The Women's Sports Foundation released a new report today about youth sports, examining participation rates and trends across class, race, and geographic regions. Nationally, boys participate in youth sports at higher rates than girls. However, this gap is widest in urban, immigrant, and nonwhite communities. Though Title IX does not directly govern youth sports opportunities outside the context of schools, the statute's affect on culture has created a wide range of opportunities for girls. But, the report's lead author, Professor Don Sabo told the New York Times, "Title IX has left a favorable footprint on the soil of suburban communities...[but] it has yet to produce any semblance of equity within urban communities throughout the United States.”

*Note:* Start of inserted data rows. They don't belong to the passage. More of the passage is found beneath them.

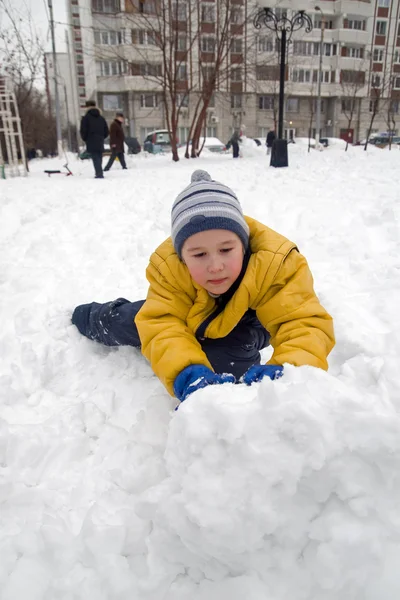 The boy rolls snow whom — Stock Photo, Image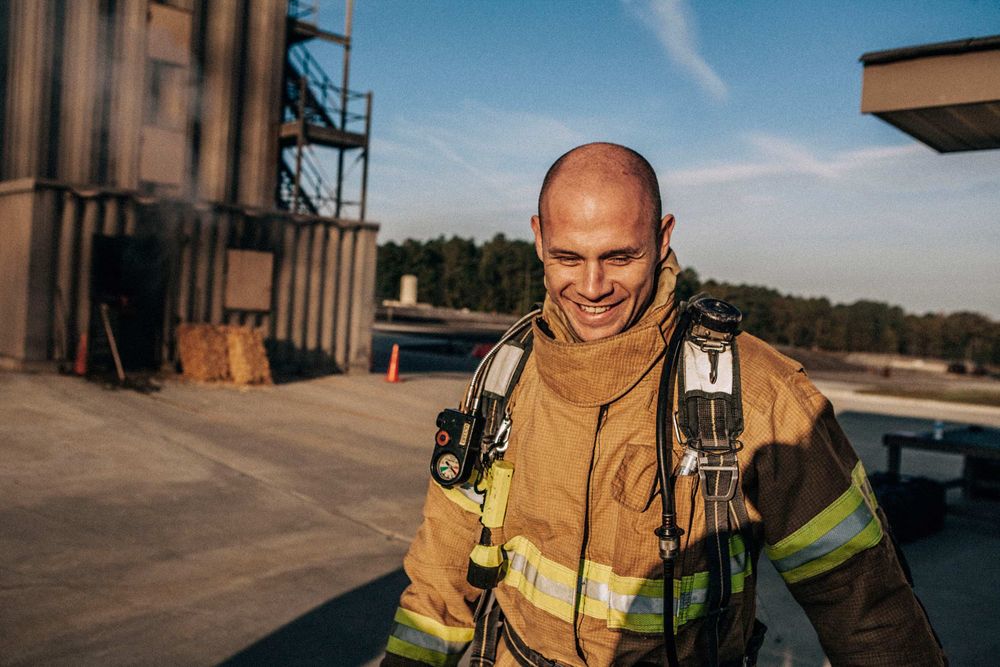 Photo of Loss Control person smiling after a long day of training. He is dressed in protective fire gear, and ready for action and to respond and mitigate a disaster as it relates to risk management in the insurance industry. Environmental portrait, and we are a industrial photographer, on location photographer & location commercial photographer. Fireman After a Long Day of Training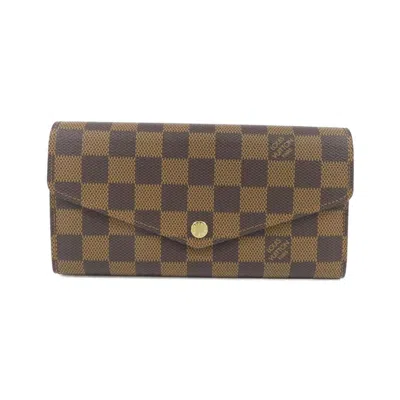 Pre-owned Louis Vuitton Damier Ebene Coated Canvas Long Wallet (bi-fold) () In Brown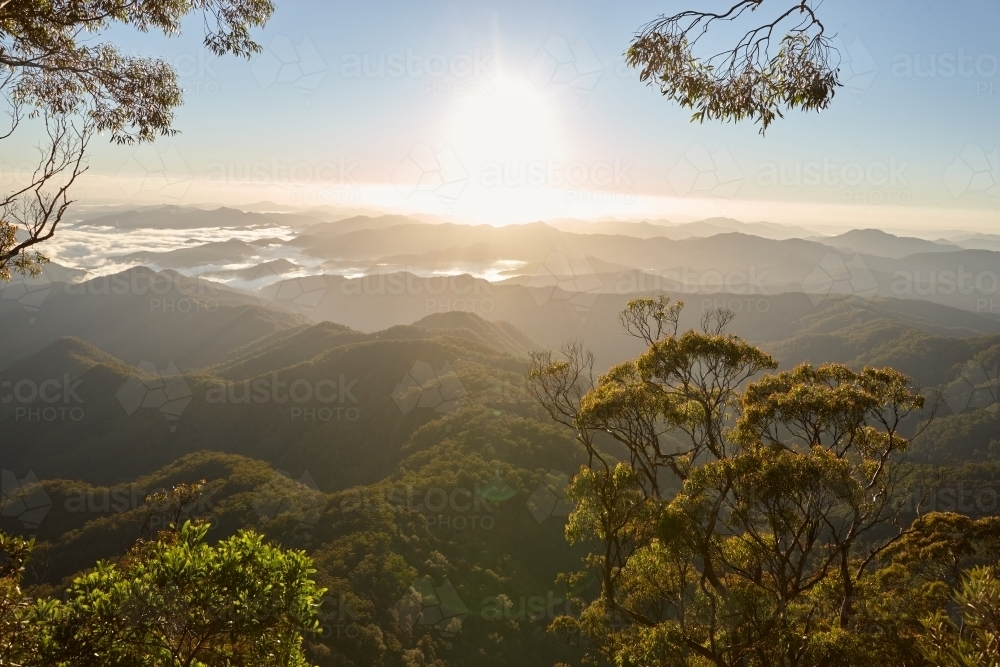 Horizontal shot of mountain tops at sunrise - Australian Stock Image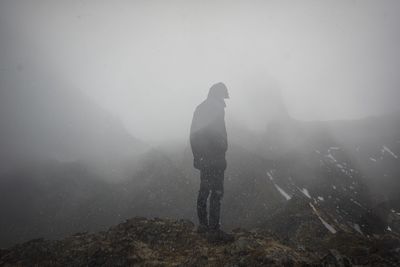 Man standing on rock against sky during winter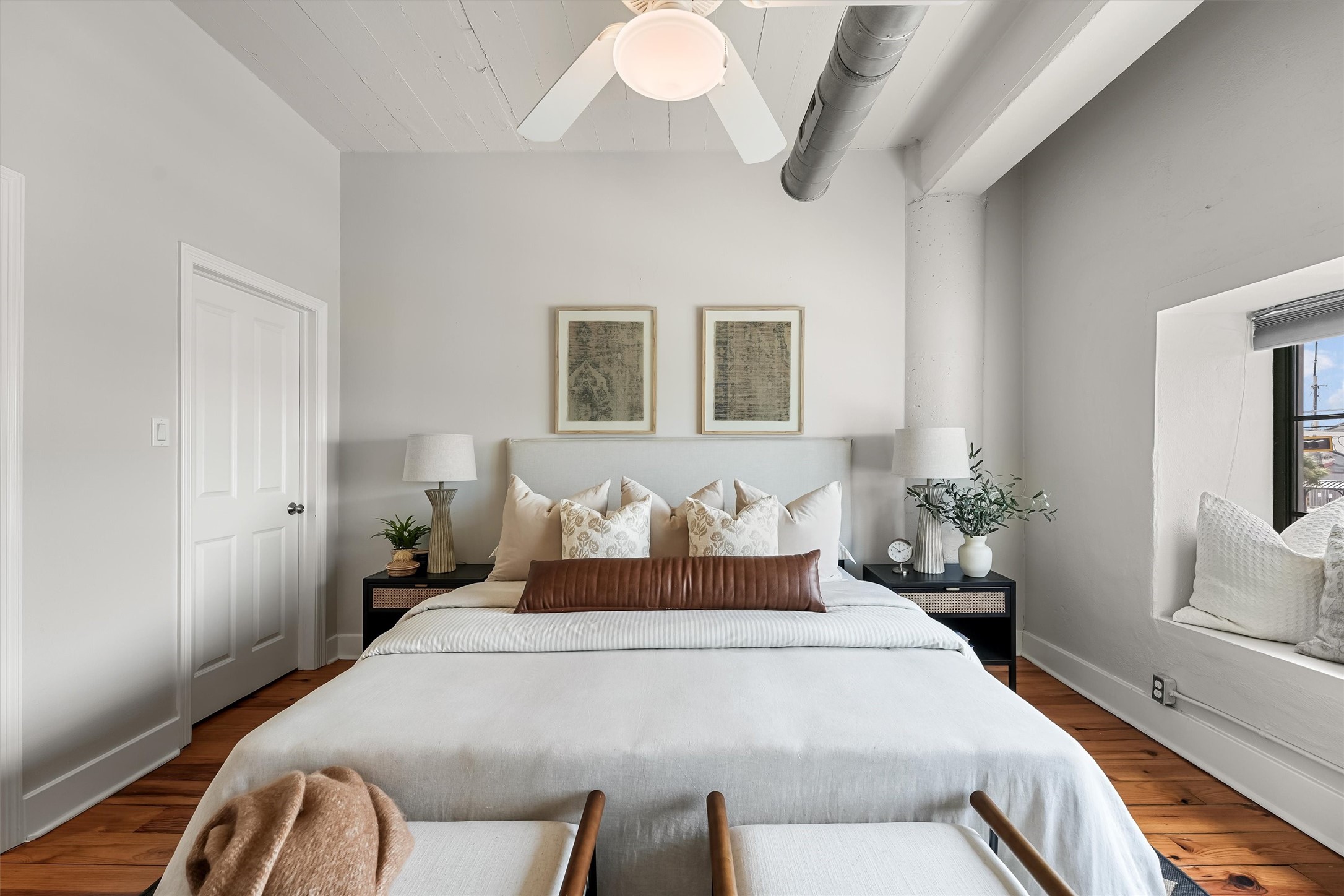 104 21st Street, Unit 203 Galveston, TX 77550 - Photo 11 of 27 a bedroom with a large bed and a chandelier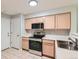 Functional kitchen with stainless steel appliances and neutral colored cabinets at 1121 W 112Th Ave # C, Denver, CO 80234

The report also documents the benefits of youth sports participation on children’s general health and body esteem, healthy weight, popularity, quality of life and educational achievement. It also finds a positive correlation between children's participation in youth sports and strong families because it encourages intrafamily communication and time spent together.
In light of the social significance and benefits of youth sport participation, the WSF argues that policymakers should address the gender gap, especially in urban and minority communities. Schools, community organizations, churches and other nonprofits should be encouraged and supported in their efforts to provide more "girl-centered sports and exercise programs that emphasize 'fun and friendships'" that are likely to attract girls of elementary school age. It is also important to lower the barriers to entry to middle school sports, as the increasingly competitive nature of sports deters girls who have not played before.